> **What is required**
Copy word for word, please, the lines of the entries below running from the one containing "Pessoa com jaqueta" to the one containing "unfurnished living room", both ends included.

> **Working data**
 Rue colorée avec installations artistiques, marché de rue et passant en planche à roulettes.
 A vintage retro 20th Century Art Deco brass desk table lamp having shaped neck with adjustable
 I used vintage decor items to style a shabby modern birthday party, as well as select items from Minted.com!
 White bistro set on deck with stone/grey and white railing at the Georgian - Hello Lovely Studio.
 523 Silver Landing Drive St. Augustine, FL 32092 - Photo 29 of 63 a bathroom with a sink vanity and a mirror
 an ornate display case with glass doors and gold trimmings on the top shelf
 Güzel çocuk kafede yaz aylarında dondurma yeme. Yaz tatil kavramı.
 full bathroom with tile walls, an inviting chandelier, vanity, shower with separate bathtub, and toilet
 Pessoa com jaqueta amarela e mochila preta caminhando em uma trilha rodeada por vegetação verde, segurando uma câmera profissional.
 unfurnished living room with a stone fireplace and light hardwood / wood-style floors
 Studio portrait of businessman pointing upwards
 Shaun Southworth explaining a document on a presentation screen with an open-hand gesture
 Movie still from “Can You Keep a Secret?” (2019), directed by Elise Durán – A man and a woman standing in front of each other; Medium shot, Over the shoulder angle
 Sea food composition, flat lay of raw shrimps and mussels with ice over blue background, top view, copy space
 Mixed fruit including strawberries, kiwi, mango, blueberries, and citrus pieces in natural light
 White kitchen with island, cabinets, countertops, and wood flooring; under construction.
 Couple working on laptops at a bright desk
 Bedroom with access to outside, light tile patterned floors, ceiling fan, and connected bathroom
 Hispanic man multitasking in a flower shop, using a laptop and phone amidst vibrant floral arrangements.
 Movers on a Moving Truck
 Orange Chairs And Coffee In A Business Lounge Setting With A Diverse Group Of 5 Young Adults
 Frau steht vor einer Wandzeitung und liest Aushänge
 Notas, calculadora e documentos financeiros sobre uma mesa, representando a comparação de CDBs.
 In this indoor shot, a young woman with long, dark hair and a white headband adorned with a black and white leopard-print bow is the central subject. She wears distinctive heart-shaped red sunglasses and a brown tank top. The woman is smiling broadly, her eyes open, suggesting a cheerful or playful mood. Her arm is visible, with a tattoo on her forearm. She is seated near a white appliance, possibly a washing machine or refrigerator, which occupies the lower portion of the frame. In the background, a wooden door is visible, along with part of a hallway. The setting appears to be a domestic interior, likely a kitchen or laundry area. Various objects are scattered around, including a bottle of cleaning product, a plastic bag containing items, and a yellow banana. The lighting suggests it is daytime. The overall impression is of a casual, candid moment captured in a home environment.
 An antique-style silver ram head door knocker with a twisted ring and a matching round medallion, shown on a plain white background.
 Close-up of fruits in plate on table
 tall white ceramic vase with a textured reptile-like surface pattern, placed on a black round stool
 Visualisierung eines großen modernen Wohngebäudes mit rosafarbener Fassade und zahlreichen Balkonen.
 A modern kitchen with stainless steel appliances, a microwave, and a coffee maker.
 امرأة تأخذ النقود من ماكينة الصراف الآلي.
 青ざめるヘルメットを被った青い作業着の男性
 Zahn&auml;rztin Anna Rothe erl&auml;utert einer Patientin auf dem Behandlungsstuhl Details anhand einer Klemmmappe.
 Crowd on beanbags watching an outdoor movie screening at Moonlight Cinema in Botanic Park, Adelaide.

> **Output of the task**
 Pessoa com jaqueta amarela e mochila preta caminhando em uma trilha rodeada por vegetação verde, segurando uma câmera profissional.
 unfurnished living room with a stone fireplace and light hardwood / wood-style floors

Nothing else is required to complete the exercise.